- Born: November 7, 1941 South Africa
- Died: March 14, 2003 (aged 61) South Africa
- Citizenship: South Africa
- Occupations: Writer, Screenwriter, Prison officer

= James Gregory (prison officer) =

South African prison guard of Nelson Mandela and writer

James Gregory (7 November 1941 – 2003) was the censor officer and prison guard of Nelson Mandela for many years of his captivity. He later wrote the book Goodbye Bafana: Nelson Mandela, My Prisoner, My Friend, on which the 2007 film Goodbye Bafana was based. The book, and later the film, are based on the idea that Gregory and Mandela had developed a friendship despite being prison guard and prisoner, respectively.

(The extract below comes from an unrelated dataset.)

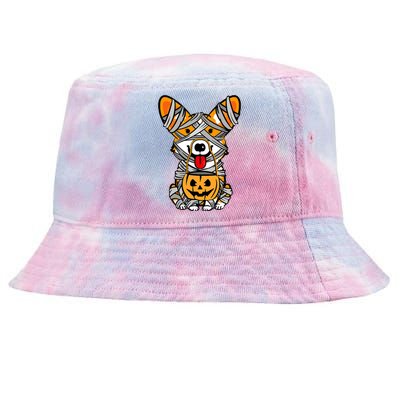 Corgi Mummy Cute Halloween Dog Lover Tie-Dyed Bucket Hat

==Mandela's view of Gregory ==
In his autobiography, Long Walk to Freedom, Mandela briefly mentions Gregory on two occasions. The first was during his imprisonment in Pollsmoor Prison:

"Often, Winnie's visits were overseen by Warrant Officer James Gregory, who had been a censor on Robben Island. I had not known him terribly well, but he knew us, because he had been responsible for reviewing our incoming and outgoing mail. At Pollsmoor I got to know Gregory better and found him a welcome contrast to the typical warder. He was polished and soft-spoken, and treated Winnie with courtesy and deference". Instead of barking, 'Time up!' he would say, 'Mrs Mandela, you have five more minutes.'

The second occasion that Mandela mentions Gregory in his autobiography is on the day of his release in 1990 from prison:

"Warrant Officer James Gregory was also there at the house, and I embraced him warmly. In the years that he had looked after me from Pollsmoor through Victor Verster, we had never discussed politics, but our bond was an unspoken one and I would miss his soothing presence".

The Making Of video for the film Goodbye Bafana contains an interview with Nelson Mandela where he speaks of James Gregory as follows:
He was one of the most refined warders. Well-informed and courteous with everybody. Soft spoken. Very good observations. I developed a lot of respect for him.

==Criticism==
Gregory's claims were disputed by one of Mandela's biographers, Anthony Sampson. Sampson's biography said that Gregory was pretending to be Mandela's friend in prison, so that he could make money. According to Sampson, the close relationship depicted in Gregory's book, Goodbye Bafana, was a fabrication, and in reality Gregory rarely spoke to Mandela. Gregory censored the letters sent to the future president, uncovering details of Mandela's personal life, and later sold this information in Goodbye Bafana.

Sampson said that Mandela considered suing Gregory, but refrained from doing so when the Prison Department distanced itself from Gregory's book. Sampson also said that other warders had told him in interviews that they suspected Gregory of spying for the government.

Mandela later invited Gregory to his inauguration as President, apparently having forgiven him as he had the former president P.W. Botha, and the prosecutor Dr. Percy Yutar who had tried to get him executed in the Rivonia Trial.